Mr. DiCecco says he and some of the other musicians initially balked at going to Pyongyang and asked about human rights abuses at a briefing in New York by the US envoy, Christopher Hill. Mr. Hill, he says, called the performance "part of getting the ball rolling" toward reconciliation.
A trip to Pyongyang by three former top US officials coincided with the concert. Former Defense Secretary William Perry; Donald Gregg, former ambassador to South Korea; and Evans Revere, former second-ranking official in the US Embassy in Seoul, had a lunch meeting with North Korea's nuclear negotiator, Kim Kye Gwan, before the concert. Mr. Perry reportedly stressed the need for North Korea to complete disabling its nuclear facilities before President Bush steps down next January. North Korea has slowed the process – and also not provided a list of its nuclear inventory – while pressing the US for "action for action," including its removal from the US list of terrorist states.
Like Kim Jong Il, Kim Kye Gwan and most other top North Korean officials watched the performance on television. Kim Jong Il never met the visitors.

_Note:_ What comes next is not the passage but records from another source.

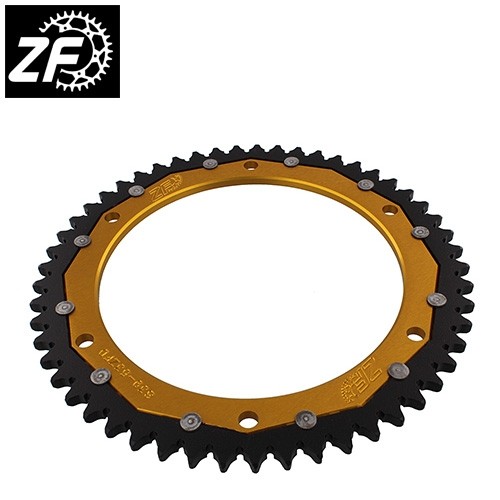 Pignone stealth per yamaha - stealth, wr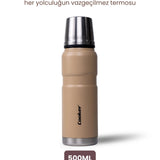 COOKER 0.5 LT HUNTER TERMOS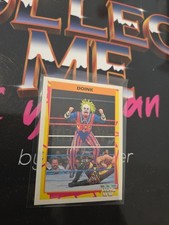 Merlin wwf wwe gebraucht kaufen  Oer-Erkenschwick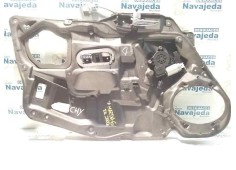 Recambio de elevalunas delantero izquierdo para mazda 6 berlina (gg) referencia OEM IAM  ELECTRICO CHAPA 4 PUERTAS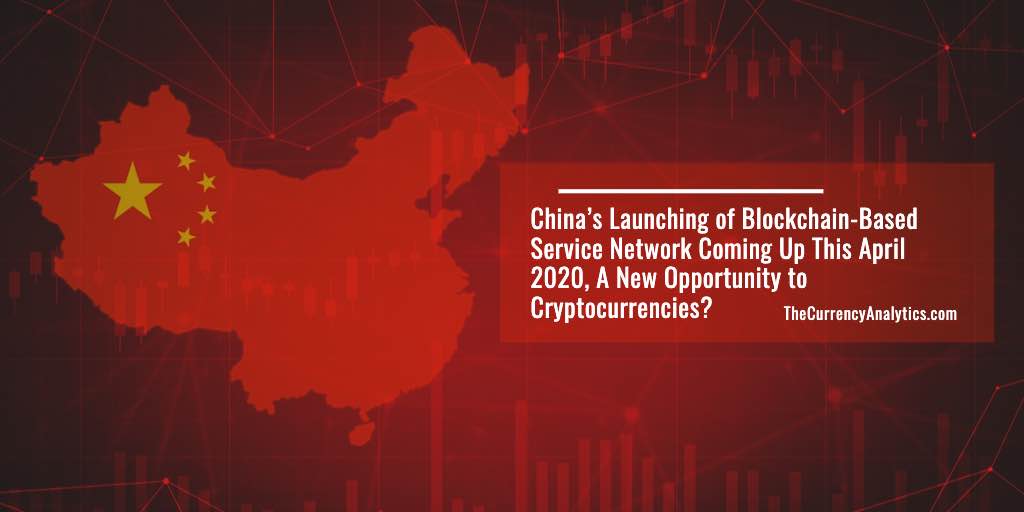 china blockchain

North Korea's leader might have attended had Secretary of State Condoleezza Rice flown to Pyongyang after Monday's inauguration of South Korean President Lee Myung Bak. But Ms. Rice went on to Beijing and Tokyo. Kim Jong Il found attending "too difficult" since Rice didn't visit, probably because "the North's declaration of its nuclear programs remains at a stalemate," says Kim Yong Hyun, professor at Dongguk University.
Assistant Secretary of State Hill stayed in Beijing Wednesday, a day after Rice left, to discuss with Chinese officials how to restart the stalled process of dismantling North Korea's nuclear programs.
Under a year-old, six-nation agreement, North Korea agreed to shut down, disable, and dismantle its main nuclear facility and provide a complete accounting of all of its nuclear activities, including its transfer of technology and know-how to other countries. In return, Pyongyang's negotiating partners would provide it with fuel oil, remove sanctions, normalize relations and sign a peace deal.
The Philharmonic musicians left Seoul Thursday night with a sense of having done all they could. "Now it's up to the three [the US, North Korea and South Korea] to take it from there," says orchestra chairman Paul Guenther. Adds clarinetist Stephen Freeman, "If it's not followed up, it's a waste of time."